> _Required action_
Retype only what runs from the first line of the listing to the line holding "Hello everyone. I", both included. Do not retype the pictures.

> _Exercise data_

Start of Block

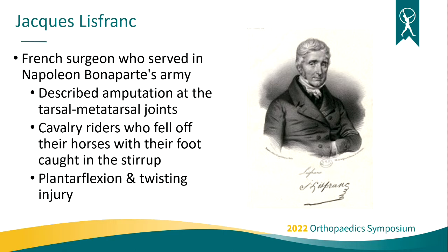A little history. Lisfranc injuries were named after a French surgeon, Jacques Lisfranc. He was a surgeon in Napoleon Bonaparte's army who described a midfoot amputation — a disarticulation amputation at the tarsal metatarsal joints — which was commonly seen in cavalry riders who would fall off their horses, get their foot caught in the stirrup, and have a plantar infection and twisting injury that would dislocate the midfoot.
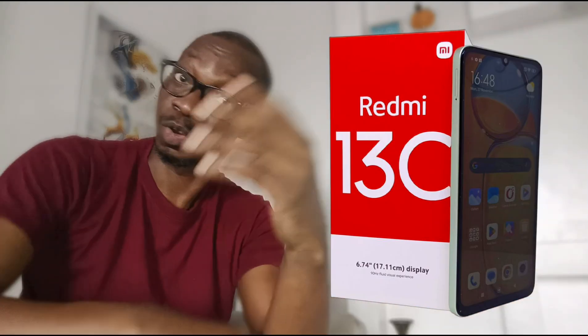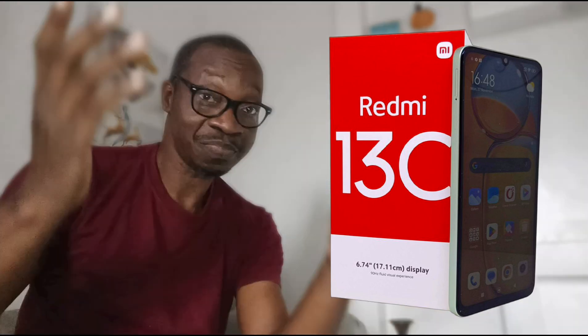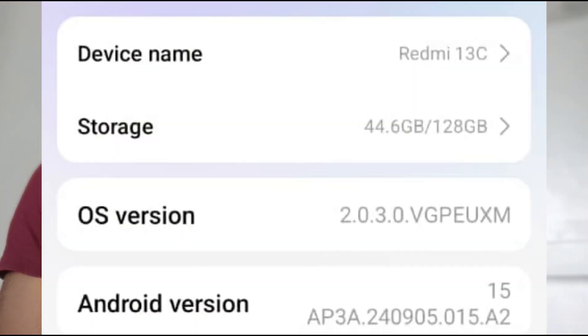This $69 phone — or should we call it a $70 phone — has just been updated to Android 15 and HyperOS 2. Yes, you heard that right. Xiaomi is rolling out Android 15 to the Redmi 13C.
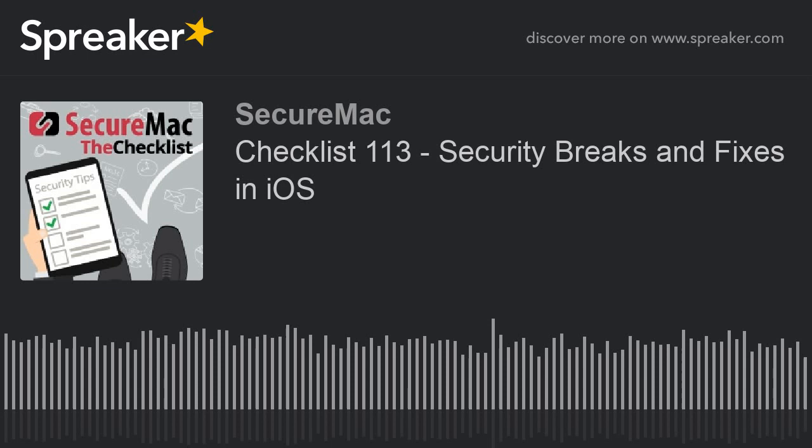Welcome in to episode 113 of The Checklist, brought to you by SecureMac. I'm Ken Ray, and I'm August Trometer.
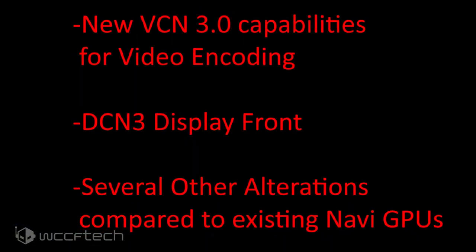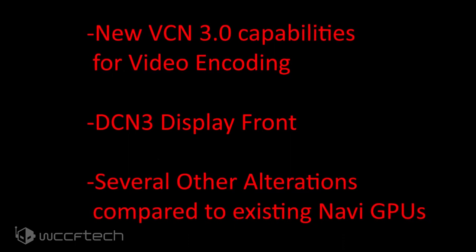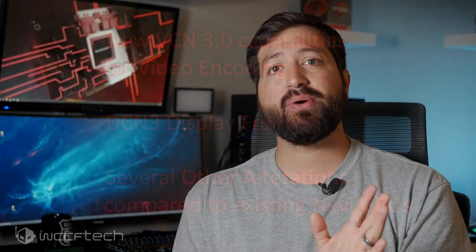As for the GPU itself, there's a certain set of features the Navi-based GPU adds over the existing Navi chips, such as BCN 3.0 capabilities for video encoding, DCN 3 for the display front, and several other alterations compared to the existing Navi GPUs. There's a total of 207 patches added to the AMD Linux driver, which can be viewed over on the site.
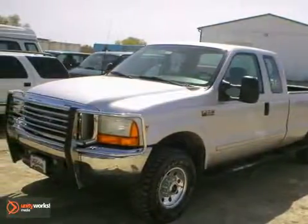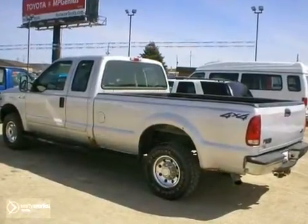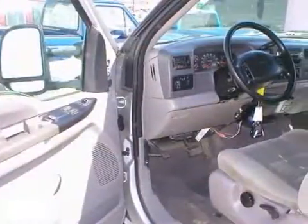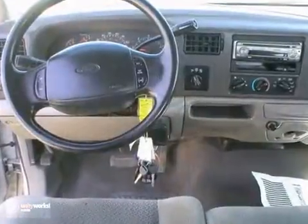It's a 2001 Ford F250 XLT Super Cab with 154,000 miles. This two-owner trade-in from our Rochester Ford store has the durable 5.4 liter V8 engine.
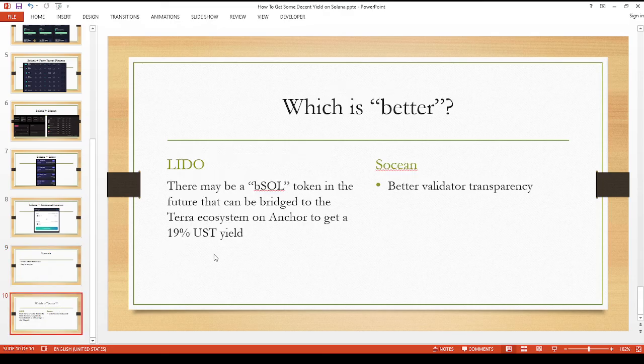To wrap everything up — this is a personal preference thing based on your own research and due diligence. As of right now I kind of like Lido and Socn, because in the future since they work with Chorus One, there'll be an additional bSOL token — a bonded token on the Terra Luna ecosystem — and you can get an additional 19% plus UST yield on top of your Solana. So if you prefer extra yield on a stable coin, that could be a good option in the future.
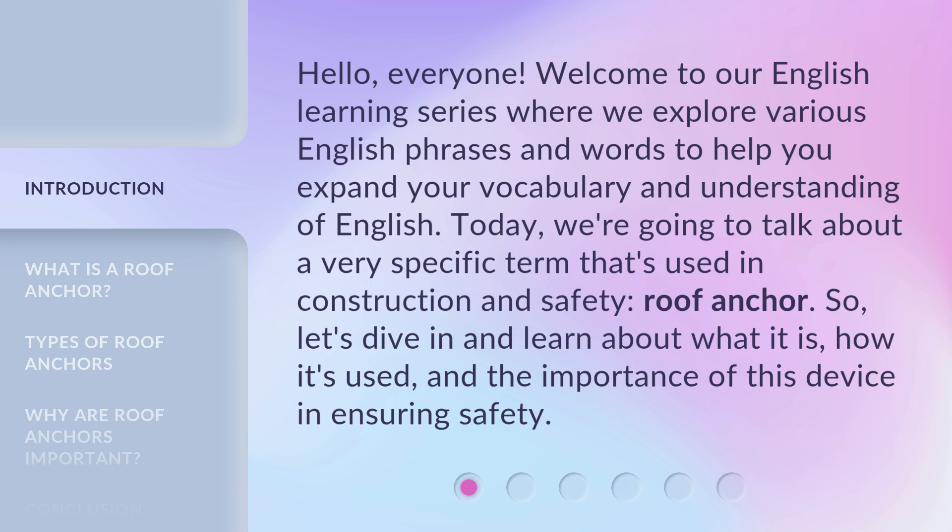Roof anchor. So let's dive in and learn about what it is, how it's used, and the importance of this device in ensuring safety.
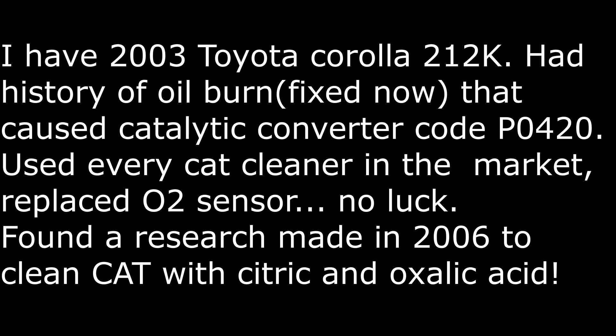Hello everyone. I have a P0420 code — catalytic efficiency below threshold — on my 2003 Corolla. The engine used to burn oil and I fixed the oil burn, but the code would not go away. I tried everything and nothing worked.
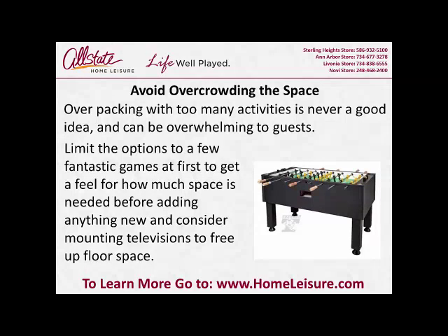Avoid overcrowding the space. Overpacking with too many activities is never a good idea and can be overwhelming to guests. Limit the options to a few fantastic games at first to get the feel of how much space is needed before adding anything new, and consider mounting televisions to free up floor space.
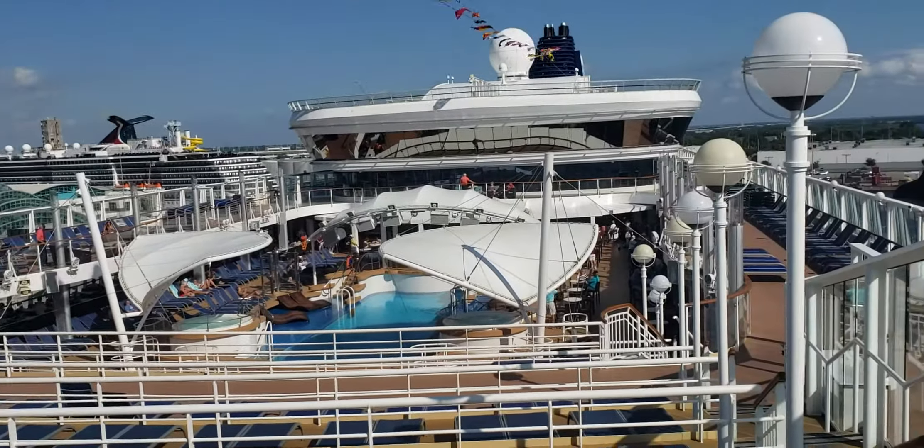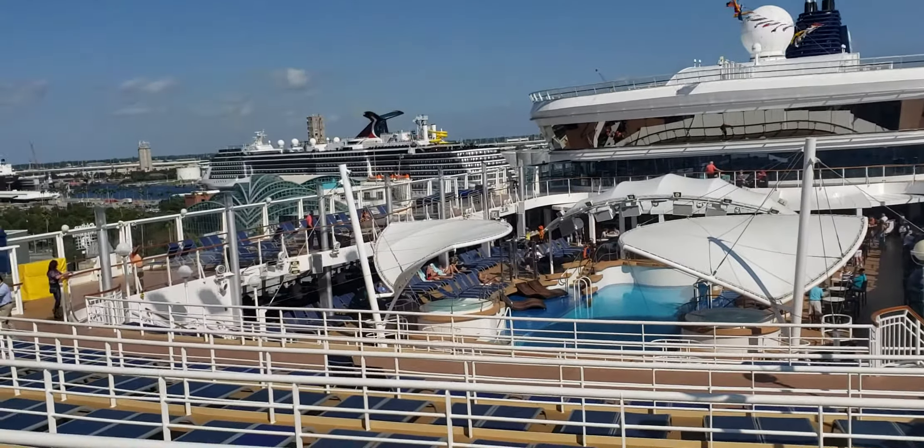You know, I feel like jumping in right now. The Norwegian Dawn, newly refurbished.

End of Block

> _Answer to this exercise_
A little history. Lisfranc injuries were named after a French surgeon, Jacques Lisfranc. He was a surgeon in Napoleon Bonaparte's army who described a midfoot amputation — a disarticulation amputation at the tarsal metatarsal joints — which was commonly seen in cavalry riders who would fall off their horses, get their foot caught in the stirrup, and have a plantar infection and twisting injury that would dislocate the midfoot.
This $69 phone — or should we call it a $70 phone — has just been updated to Android 15 and HyperOS 2. Yes, you heard that right. Xiaomi is rolling out Android 15 to the Redmi 13C.
Welcome in to episode 113 of The Checklist, brought to you by SecureMac. I'm Ken Ray, and I'm August Trometer.
As for the GPU itself, there's a certain set of features the Navi-based GPU adds over the existing Navi chips, such as BCN 3.0 capabilities for video encoding, DCN 3 for the display front, and several other alterations compared to the existing Navi GPUs. There's a total of 207 patches added to the AMD Linux driver, which can be viewed over on the site.
It's a 2001 Ford F250 XLT Super Cab with 154,000 miles. This two-owner trade-in from our Rochester Ford store has the durable 5.4 liter V8 engine.
To wrap everything up — this is a personal preference thing based on your own research and due diligence. As of right now I kind of like Lido and Socn, because in the future since they work with Chorus One, there'll be an additional bSOL token — a bonded token on the Terra Luna ecosystem — and you can get an additional 19% plus UST yield on top of your Solana. So if you prefer extra yield on a stable coin, that could be a good option in the future.
Roof anchor. So let's dive in and learn about what it is, how it's used, and the importance of this device in ensuring safety.
Hello everyone. I have a P0420 code — catalytic efficiency below threshold — on my 2003 Corolla. The engine used to burn oil and I fixed the oil burn, but the code would not go away. I tried everything and nothing worked.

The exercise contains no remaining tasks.